You might be at increased risk of having a BRCA gene mutation — and a candidate for BRCA gene testing — if you have:
- A personal history of breast cancer diagnosed at a young age (premenopausal), breast cancer affecting both breasts (bilateral breast cancer), or both breast and ovarian cancers
- A personal history of ovarian cancer and a close relative with ovarian cancer or premenopausal breast cancer or both
- A history of breast cancer at a young age in two or more close relatives, such as your parents, siblings and children
- A male relative with breast cancer
- A family member who has both breast and ovarian cancers
- A family member with bilateral breast cancer
- Two or more relatives with ovarian cancer
- A relative with a known BRCA1 or BRCA2 mutation
- Ashkenazi (Eastern European) Jewish ancestry, with a close relative who has breast or ovarian cancer
- Ashkenazi Jewish ancestry and a personal history of ovarian cancer
Having a double mastectomy, I won't be able to breastfeed my future child anymore. Breastfeeding was one of the things that made my motherhood fulfilling. No matter what others think, I would have loved breastfeeding James till he's ready to wean. It has always been a special moment for us, each and every time. I love how I can stare at him and share a part of me that no amount of money can buy. I love how I can tell him I love him by cradling him in my arms as he feeds and falls down asleep. Its a bonding moment that I cannot explain. Not being able to do this again to my future child/children made me feel a little lonely.

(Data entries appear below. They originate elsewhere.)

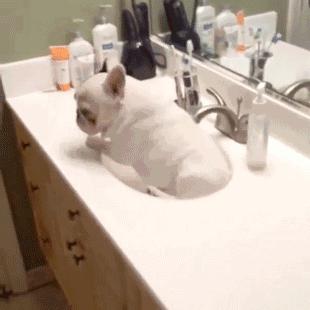 一梦谈狗:听说你喜欢法国斗牛犬,那你了解它么?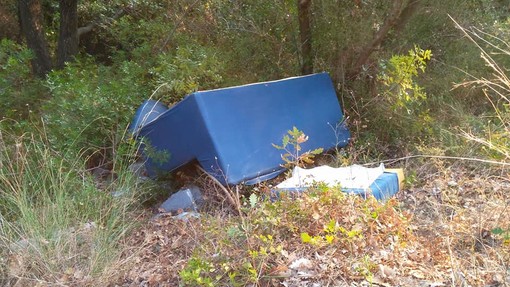 Foto tratte dalla Pagina Facebook: "Gazzetta di Cisano sul Neva"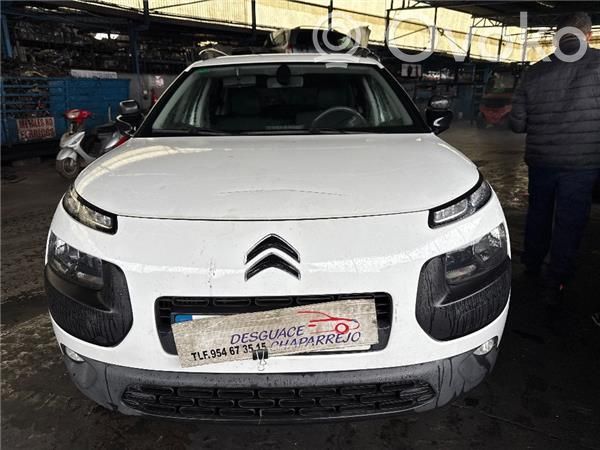 C4 Cactus C4 Picasso, Grand Picasso, Aircross, Cactus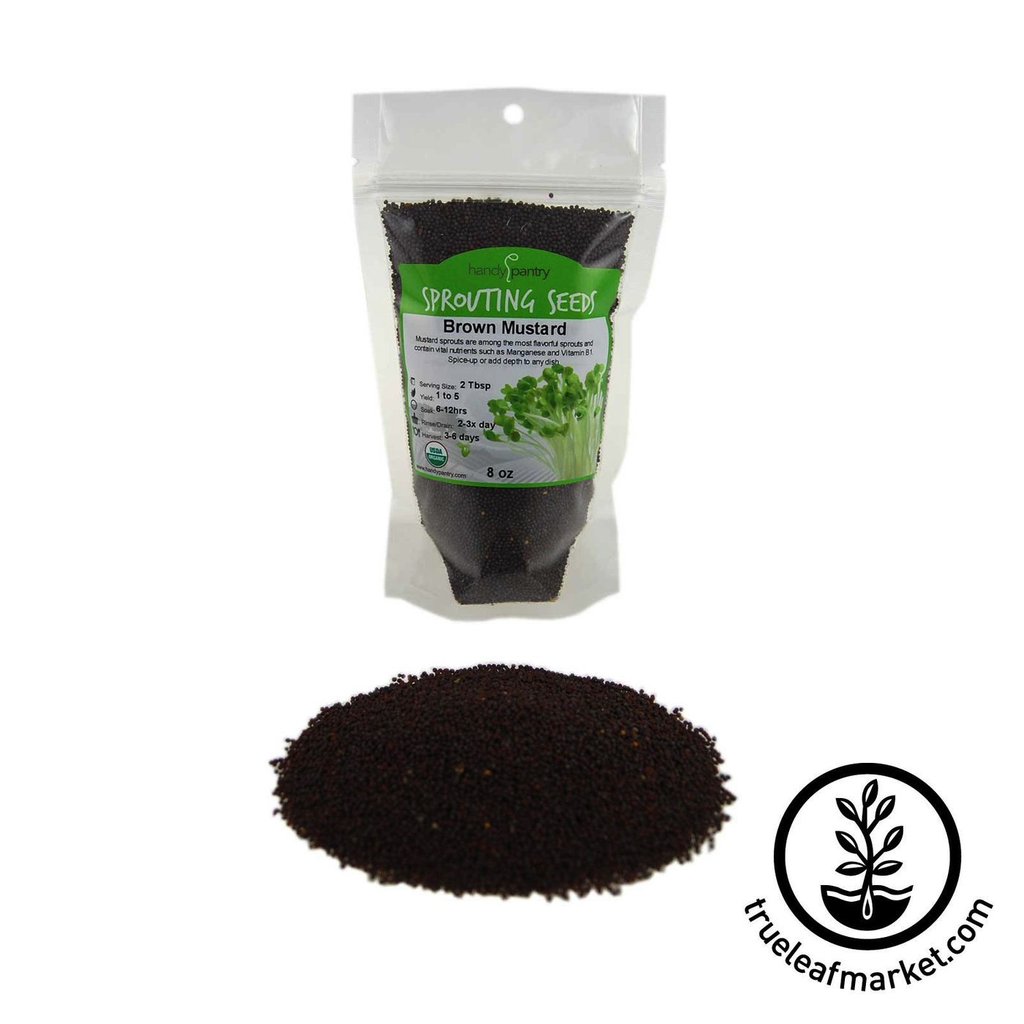 HANDY PANTRY MUSTARD - BROWN (ORGANIC) - SPROUTING SEEDS 8OZ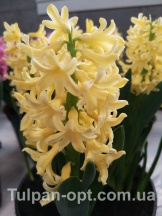 Йеллоу Стоун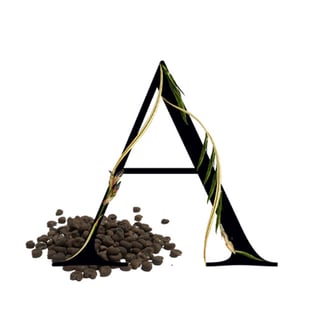 Ambrette Firabs Media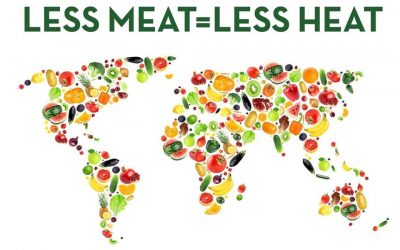 Environmental organisations are finally saying it: Eat plants for the planet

I am lucky to have Jim beside me, through it all. He assured me it will all be okay. We can explore the option of freezing my eggs or adopting. Although those are options I know are possible, it still feels different for me having to carry my child to term. Maybe I'll feel differently later on.
A good friend Tetet told me to watch Christina Applegate on Oprah who is a breast cancer survivor. She had double mastectomy and I found out that she just had a baby at 39. That gives me hope.
I know some sadness will come and go through all these treatments. There will be a lot of realities that I have to face as I go though it. There will be times that I will still question, "why me and why now?" "Why not later in life when I have all my kids and grown up?" "Why not later when I would not care much about having both breasts intact?" "Why not later when I have already spent as much time as I can with my growing family?".
But all these questions will not be answered just yet. Only time will tell. I believe there's a reason for everything.
P.S. I will be presented to the Tumor Board for discussion of my case and treatments on Tuesday, February 22. Also on that day, we will be getting a second opinion at the UCLA-Revlon breast cancer center in Westwood,CA.